Какое облегчение – узнать, что мои негативные мысли – не моя вина. Наконец-то свободна! Они достались мне от мамы, папы, генов, предков, эволюции и опыта. Негативное мышление идет в комплекте с навыками выживания. Если ваши ноги не бегут так быстро, как вы бы хотели, или не способны перебросить вас через барьер, вы ведь их не осудите и не будете ругать?

Как я обещала в предисловии, сейчас я представлю вам Туптена, буддийского монаха, и Аша, нейролога. Они помогут мне объяснить, как взаимодействуют сознание и мозг. Аш объяснит, почему мозг работает так блестяще, но и имеет свои слабости, а Туптен расскажет, что со всем этим делать. Итак, мальчики, вам слово.

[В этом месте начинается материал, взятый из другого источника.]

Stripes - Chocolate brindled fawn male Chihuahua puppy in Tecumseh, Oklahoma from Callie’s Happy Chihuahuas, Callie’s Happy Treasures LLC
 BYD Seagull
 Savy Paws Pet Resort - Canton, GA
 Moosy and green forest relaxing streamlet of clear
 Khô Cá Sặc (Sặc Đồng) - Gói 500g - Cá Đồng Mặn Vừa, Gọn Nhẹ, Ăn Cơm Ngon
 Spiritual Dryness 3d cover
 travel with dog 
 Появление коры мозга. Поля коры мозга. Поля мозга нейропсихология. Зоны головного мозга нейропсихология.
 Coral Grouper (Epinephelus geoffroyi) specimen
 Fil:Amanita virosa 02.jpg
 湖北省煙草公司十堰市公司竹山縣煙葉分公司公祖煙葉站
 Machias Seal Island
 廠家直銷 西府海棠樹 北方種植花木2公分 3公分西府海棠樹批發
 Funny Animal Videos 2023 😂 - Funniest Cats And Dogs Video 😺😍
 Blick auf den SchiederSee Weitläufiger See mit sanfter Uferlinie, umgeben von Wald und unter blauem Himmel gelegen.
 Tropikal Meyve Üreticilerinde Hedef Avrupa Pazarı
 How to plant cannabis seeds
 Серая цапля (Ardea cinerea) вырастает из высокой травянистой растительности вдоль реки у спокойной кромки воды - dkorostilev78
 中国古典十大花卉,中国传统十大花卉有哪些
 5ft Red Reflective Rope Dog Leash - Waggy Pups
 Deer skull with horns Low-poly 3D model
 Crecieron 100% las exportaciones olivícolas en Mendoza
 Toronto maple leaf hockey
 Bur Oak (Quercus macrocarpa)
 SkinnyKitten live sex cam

Руби. Аш, сначала простой вопрос: почему у нас вообще есть мысли? Что они собой представляют?

Нейролог. Это только кажется, будто вопрос простой! Думаю, что под мыслями ты имеешь в виду внутренний голос, саморазговор, который ты ведешь с собой о своих идеях, о том, кто ты и чего хочешь. Он находится прямо в центре того, что мы именуем сознанием. Однако неприятности начинаются там, где начинается рефлексия, или, как ты выражаешься, пережевывание переживаний.

Руби. А что о мыслях думает Туптен?

Монах. Буддизм традиционно называется «наукой мышления». Он посвящен изучению сознания. Мы рассматриваем природу мыслей и сознания, в котором они возникают.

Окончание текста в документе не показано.